Questo libro mi fu regalato diversi anni fa e io lo lessi tutto d’un fiato e, come spesso mi capita, mi innamorai del suo autore leggendone pressoché tutta la produzione.
Ho pensato a questo libro, sperando di riuscire a trasmettervi i percorsi mentali che mi hanno spinto a proporvelo, partendo dai concetti apparenza-essenza, forma-sostanza, essere-apparire.
Ho provato a riportare queste coppie ai miei dolci per raccontarvi ciò che a volte succede.
Partiamo dal presupposto basilare che un dolce deve essere preparato con ingredienti buoni e sani, lavorati con sapienza e con amore e il risultato deve essere buono, digeribile e di cui si serba la profonda nostalgia di un futuro assaggio.

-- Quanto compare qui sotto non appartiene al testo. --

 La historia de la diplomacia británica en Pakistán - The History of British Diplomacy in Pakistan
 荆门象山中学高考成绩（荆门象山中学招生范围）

Certamente un buon dolce deve anche presentarsi bene, essere gradevole alla vista, attirare la nostra attenzione, far lavorare le nostre papille gustative ancora prima di aver morso il primo boccone.
Le due cose sono entrambe importanti; è pur vero che, personalmente, tra un dolce bellissimo e super scenografico ma deludente da un punto di vista gustativo, certamente preferisco il dolce magari meno appariscente ma decisamente buono.
Nei miei lunghi anni di esperienza ho visto come la pasticceria si evolva, segua le mode, insegua i gusti del popolo “social”, però io credo che sia importante restare fedeli a se stessi e alle proprie convinzioni. Il laboratorio di Pasticceria Su Misura ha prodotto moltissime torte decorate con pasta di zucchero, con decorazioni a tema, foto cake, nastri e fiocchi. Per evitare il gusto stucchevole di una copertura di zucchero perfetta ma troppo spessa abbiamo accettato piccole imperfezioni. Abbiamo creato dolci e pasticcini come la ormai mitica Rubino o come il frollino panna cotta (il mio preferito). Abbiamo iniziato a produrre macaron quando in Italia è scoppiata la moda (a seguito dell’apertura del primo negozio “Laduré” a Milano) e continuiamo produrne tantissimi, rigorosamente a mano e mai davvero uguali uno all’altro.
Abbiamo iniziato a proporre le Cream Tart con grande successo, torte scenografiche e buonissime e ciascuna unica a modo suo, a modo nostro.
Non abbiamo mai fatto, pur avendone purtroppo ricevuto richiesta (per fortuna rara), torte “volgari” con decori che potete immaginare per fantomatici addii a celibati e nubilati. E anche se stanno prendendo un po’ piede, ahimè, eviteremo torte “volutamente brutte” perché, a mio avviso, anche questo è un modo di dar peso solo all’apparenza e non alla sostanza.
Ancora oggi rimango perplessa quando ci chiedono torte che abbiano un certo determinato aspetto senza che il committente abbia la minima preoccupazione del contenuto. Certamente serve apparire ma per noi fondamentale è essere, essere noi stesse, con la nostra idea di dolce, con il nostro stile, con la filosofia racchiuse nel nostro nome: Pasticceria Su Misura.